A third ambulance was dispatched from Lockhart, which took an hour to arrive.
“Darren Rudd was the ambulance officer who attended to me. He was so apologetic, but he was absolutely fantastic. He did everything in his power to calm me and assure me everything was alright even though I was in great pain,” Mr Blackburn said.
Mr Blackburn’s condition, Trigeminal Neuralgia, strikes without warning and causes intense, stabbing, electric shock-like pain.
“It’s like firecrackers and lightning going off inside your head and it is so intense it puts you on the ground. It’s like a rapid-fire migraine cluster times ten, and that’s not downgrading the intense pain of migraines,” he said.
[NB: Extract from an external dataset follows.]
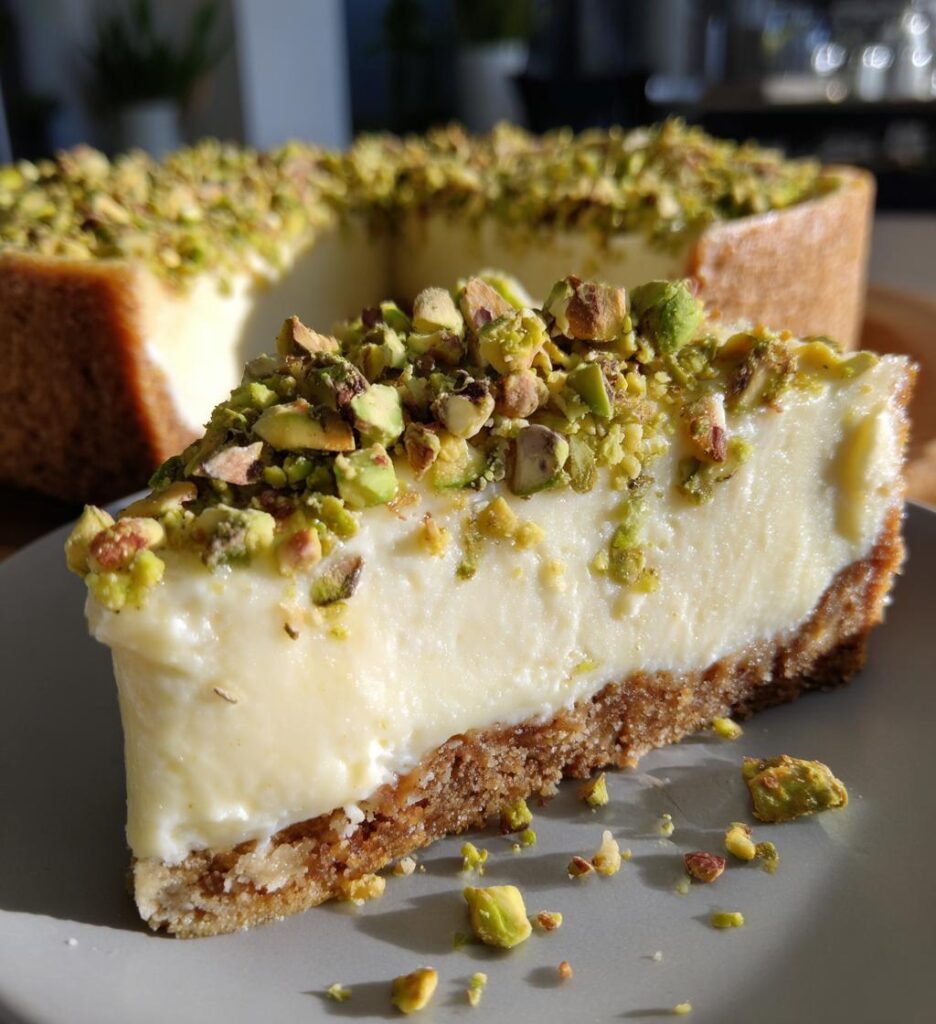 No Bake Pistachio Cheesecake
Steven Pearce from the Australian Paramedics Association said sadly, this is happening all too often in Wagga.
“The sad thing is we have enough paramedics coming through with degrees who want to work, but the NSW Government is not creating the positions even though they have a surplus,” Mr Pearce said.
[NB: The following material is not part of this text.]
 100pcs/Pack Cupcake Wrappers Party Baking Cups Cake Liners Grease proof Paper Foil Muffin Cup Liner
The union said Wagga has the same amount of paramedics since the 1980’s, yet the workload has gone up more than 400 per cent.
“We’ve been asking for an extra 500 positions, but they’re only funding 50. Put it this way, for Wagga to get just two more staffed ambulances, which we desperately need, we would have to have 11 staff just to do it,” Mr Pearce said.
“What if I was having a heart attack? They didn't know that when they dispatched him on his own and so we were stuck here,” Mr Blackburn said.
Mr Blackburn said Wagga is facing a ticking time-bomb.
“Someone is going to die because we simply don’t have enough soldiers on the ground,” he said.